■ To do ■
Go through the material below and count the lines in which the word "Mouse" occurs; the only output is the number.

■ The data ■
*** Block opens ***

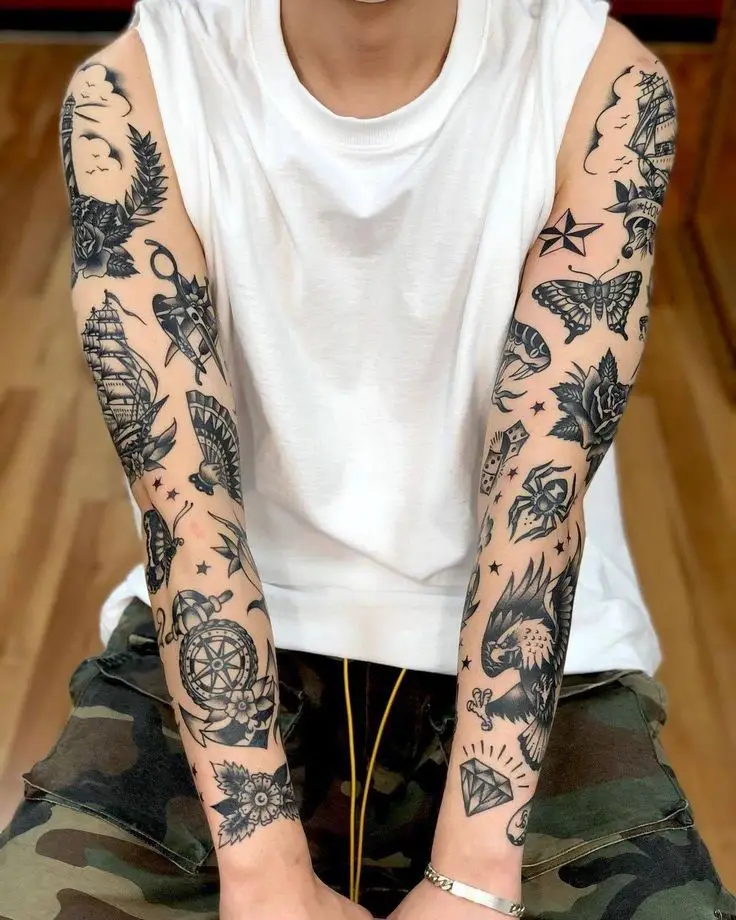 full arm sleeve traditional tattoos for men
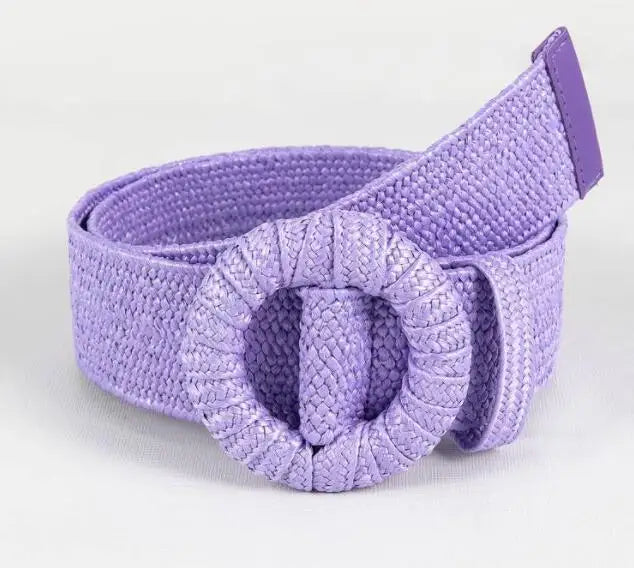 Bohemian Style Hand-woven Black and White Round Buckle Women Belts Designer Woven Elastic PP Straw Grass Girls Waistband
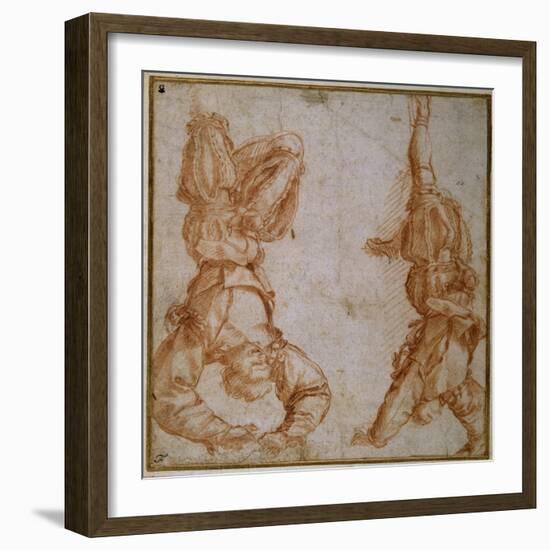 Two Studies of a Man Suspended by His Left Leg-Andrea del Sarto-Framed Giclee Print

*** Block closes ***
*** Block opens ***

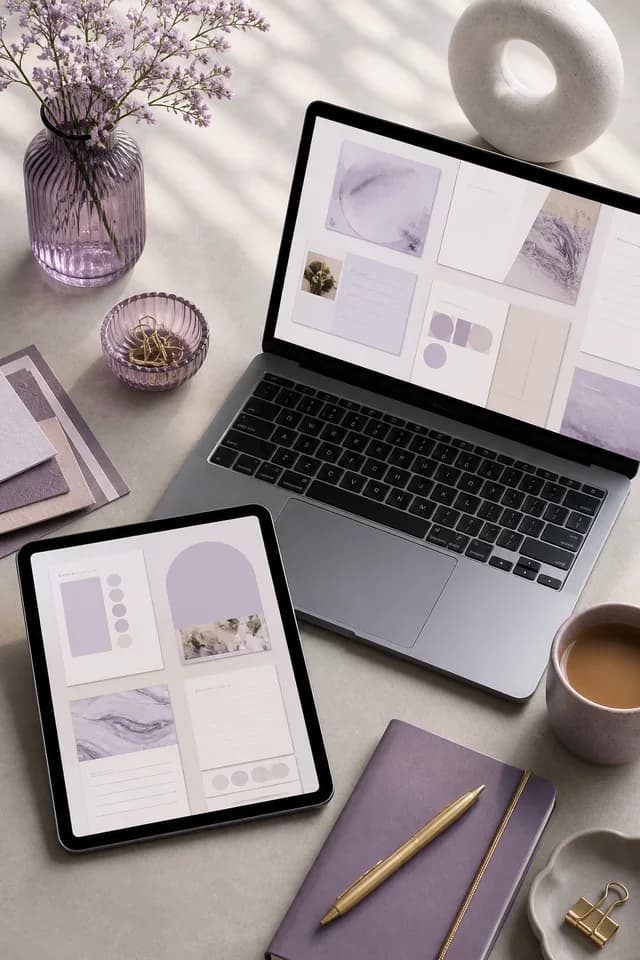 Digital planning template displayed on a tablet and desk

*** Block closes ***
*** Block opens ***

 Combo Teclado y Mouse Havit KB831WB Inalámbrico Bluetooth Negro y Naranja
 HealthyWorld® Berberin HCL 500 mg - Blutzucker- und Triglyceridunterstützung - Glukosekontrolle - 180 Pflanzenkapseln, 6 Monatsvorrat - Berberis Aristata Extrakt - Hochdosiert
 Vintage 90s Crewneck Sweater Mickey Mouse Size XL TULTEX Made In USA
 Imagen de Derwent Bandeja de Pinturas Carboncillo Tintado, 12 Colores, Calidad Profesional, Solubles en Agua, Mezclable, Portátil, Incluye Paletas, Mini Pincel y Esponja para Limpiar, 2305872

*** Block closes ***

■ Exercise response ■
2